HIAS and other resettlement agencies sued the Trump administration last year, hoping to block the executive order from taking effect. On Jan. 15, a federal district-court judge in Maryland granted an injunction in the case, HIAS v. Trump, that halted the order. The administration is now appealing that ruling, hoping to restore an unprecedented grant of power to state and local officials to essentially veto resettlement in their jurisdiction.
In remote oral arguments before a three-judge panel of the U.S. Court of Appeals for the Fourth Circuit, Justin Cox of the International Refugee Assistance Project argued on Tuesday on behalf of HIAS, Church World Service, and Lutheran Immigration and Refugee Service. He told the judges that Trump's executive order violates the intent of the Refugee Act of 1980, which calls for a national system of refugee resettlement.

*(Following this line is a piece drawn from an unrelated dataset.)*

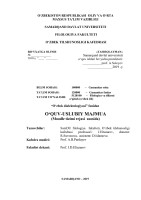 ЎЗБЕКИСТОН РЕСПУБЛИКАСИ ОЛИЙ ВА ЎРТА МАХСУС ТАЪЛИМ ВАЗИРЛИГИ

Cox argued that there are numerous other reasons that the court could strike down the executive order. One reason could be its failure to account for state and local balance. There are many places for conflicts, he noted, as states and local officials may not be in agreement over accepting refugees. Some counties may also have leaders who are not elected, creating further complications.
“It’s plain that no one thought through how this would actually work on the ground,” Cox said.
In his January decision, federal district judge Peter Messitte stated that the executive order is likely unlawful as it "grants [states and localities] veto power" and that this “flies in the face of clear Congressional intent, as expressed in the legislative history of the statute.” In enjoining the order, he called for refugee resettlement to “go forward as it developed for the almost 40 years before Executive Order 13888 was announced."
The federal government argued that the order gives states a voice in the process rather than a veto. Amanda Mundell of the U.S. Department of Justice insisted the State Department, not state or local governments, makes the ultimate decision on where a refugee should be placed.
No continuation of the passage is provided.